どんなあみだくじも有限回繰り返せば一切入れ替わらないあみだくじと同じものになるという問題です。
難しく書こうと思えば大学数学まで必要ですが、TOYPROは小学5年生から始めるサイトなので大まかに書きます。
まずはあみだくじ1個分でどのように入れ替わるのかを調べます。
すると、以下のように周期的に値を入れ替える部分が存在します。
例えば、(左から)1番目が2番目に、2番目が3番目に、3番目が1番目に、4番目が5番目に、5番目が4番目に入れ替わるようなあみだくじがあったとしましょう。これは、1,2,3番目と4,5番目がそれぞれ順番に入れ替わっていると捉えることが出来ます。
すると、1,2,3番目の部分は3回の周期で元通りになり、4,5番目の部分は2回の周期で元通りになることが想像できます(実際そうなります)。
3の倍数でも2の倍数でもある「最小の」数なので、これらの周期の最小公倍数を答えればいいとわかります。
ループがある要素を全て高速に見つけ出す事ができれば、Eまで解けている方なら問題ないかなと思います。

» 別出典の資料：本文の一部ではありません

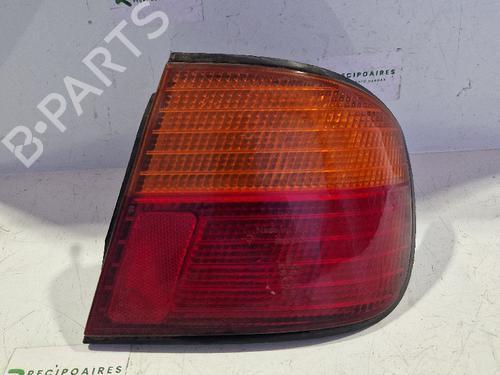 Used Right taillight NISSAN PRIMERA (P10) [1990-1996]  31736664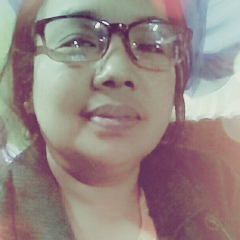 Aye-Myat-Mon Aye-Myat-Mon, 09.10.1966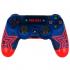 Noname DualShock 4 "ЦСКА. Армейцы Москвы" Геймпад для консоли PS4 инструкция, поддержка, форум, описание, мануал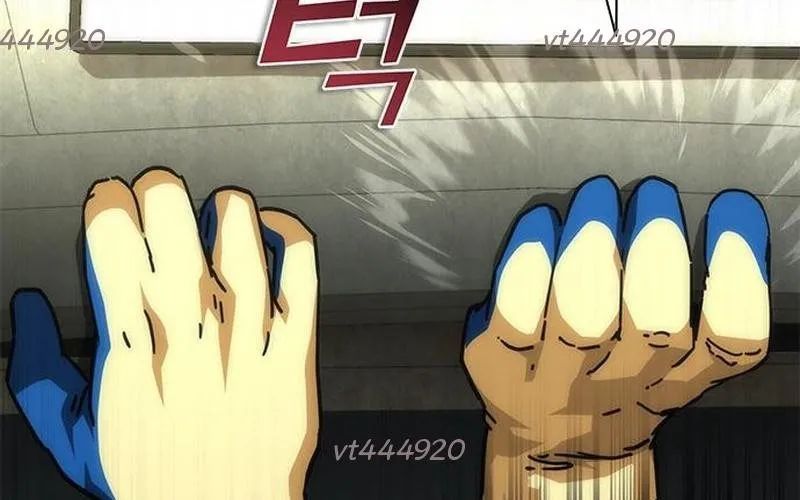 Mạt Thế Zombie 82-08 Chapter 95 - 176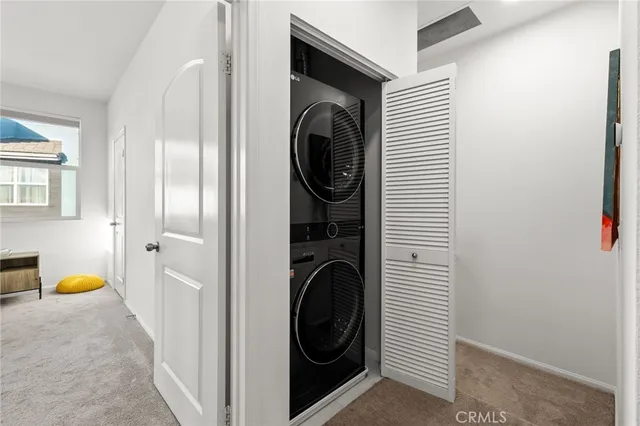 $599,900 | 7774 Haywood Place, Rancho Cucamonga, CA 91730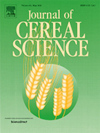 Journal Of Cereal Science雜志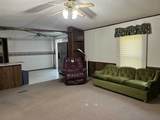 209 Pierre Street - Photo 19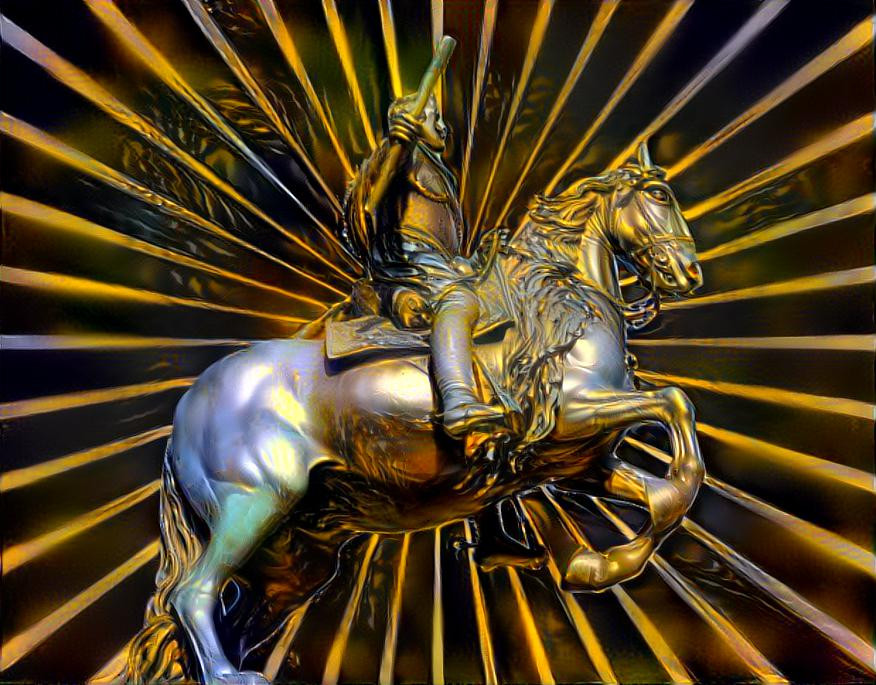 Golden_Statue_1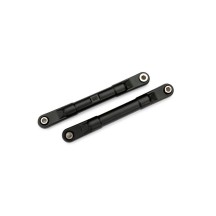 Enlaces inclinación delantero 90mm Traxxas TRX9029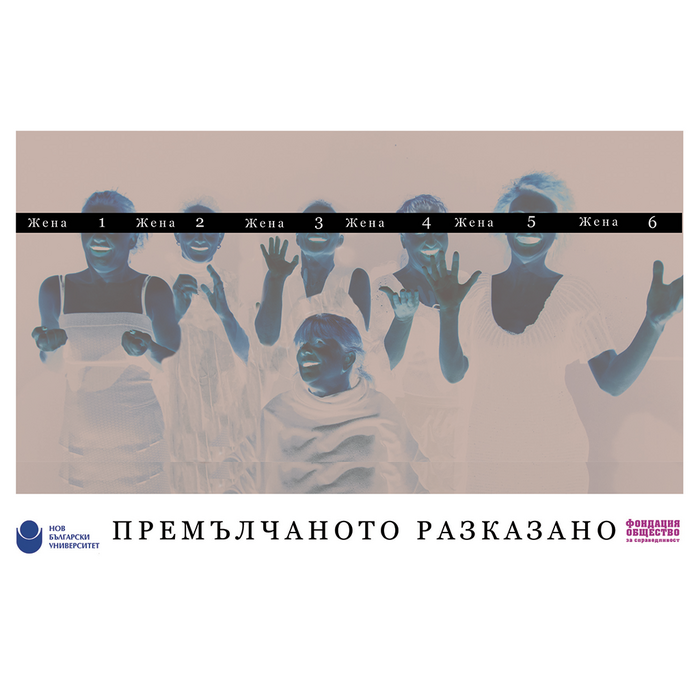 face_700x700_pad_478b24840a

ある一つの要素をあみだくじを繰り返し通過させてループを検知し、そのループ中に通った全ての箇所を探索箇所から削除すると間に合います。
実装例1:解説通りの実装
N=10#あみだくじの縦線の本数
A=[0,1,2,3,4,5,6,7,8]#入れ替える場所の位置と順番
B=[*range(N)]#各縦線の番号を記録(初期値)
for i in A:
B[i],B[i+1]=B[i+1],B[i]#実際に入れ替えて入れ替わり方を調べる
b={*range(N)}#探索すべき開始地点
ans=1#全く入れ替わらないなら1回でOKなので、初期値は1
from math import lcm#最小公倍数を使えるように
from random import sample#次に調べるべき数をランダムに決定するために
while b!=set():#調べるべき要素がまだある間
d=sample(b,1)[0]#sampleの出力はlistなので[0]で最初の要素を取り出す
e=d#あみだくじ通過前の数を記録
f=0#ループの数
while 1:#ループしたらbreakでループを抜けるのでここに条件を書かない
b-={d}#すでに探索済みの地点の削除
d=B[d]#次の位置を求める
f+=1#ループの数
if e==d:#あみだくじ通過前と一致したら(ループしたら)
ans=lcm(ans,f)#ansとfの最小公倍数を求める
break#次のノードへ
print(ans)
他にも、Union Findというアルゴリズムでグループ分けをすることもできます。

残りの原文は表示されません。